EDITORIAL: B.C. Fed follies

Yes, everyone would like to see the new ferries built here, but at what cost to an already-burdened bottom line of BC Ferries

As soon as word BC Ferries had received approval to purchase three new vessels was out, the whining began.

Perhaps it could be more softly called spin from the B.C. Federation of Labour, but it was misguided spin to be certain.

It’s typical B.C. Fed deception, a tactic to steer people away from the real issues.

“On one hand, the provincial government lobbies the federal government to ensure ships are built in BC, but it refuses to do the same when it comes to BC Ferries,” George MacPherson, President of the BC Shipyard General Workers Federation, said in a B.C. Fed news release sent to the media Tuesday afternoon.

“Almost fifty years ago we built the original vessels, surely some 50 years later, we can build the replacements as well,” said B.C. Federation of Labour President Jim Sinclair. “British Columbians pay every day for the operations of BC Ferries; so it should be British Columbians who first benefit from any shipbuilding contracts.”

That’s all well and good gentlemen, if you are willing to ignore the structure of the governance of BC Ferries and the realities of the competitive bid process.

First, as Transportation Minister Todd Stone said: “Government does not have the purview to dictate to BC Ferries who can and cannot participate in their procurement process. That’s internal to BC Ferries.” He also added: “Certainly we’d be very supportive of the ships being built in British Columbia.”

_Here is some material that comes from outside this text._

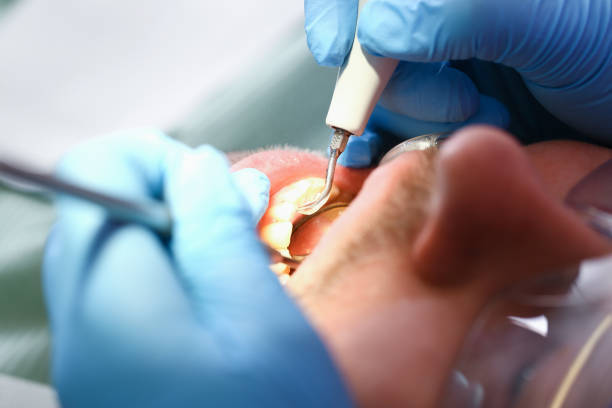 Best Teeth Whitening  in Rincon, GA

Who wouldn’t be in favour of the jobs created for British Columbians if the ships were built here? That’s the motherhood-issue tactic, a favourite of the B.C. Fed.

So, why can’t B.C. shipbuilders put in winning bids? Why do they need a competitive crutch?

It’s a world economy, so compete.

The last thing BC Ferries needs on its financial statement is millions of dollars in extra costs because it is forced to buy B.C.-built vessels.

Does the B.C. Fed believe the people of B.C. subscribe to the false-economy ideals they espouse? Does it not have confidence B.C. companies and workers can compete in the global economy?

If it does, perhaps it should revisit the results of the polls on May 14.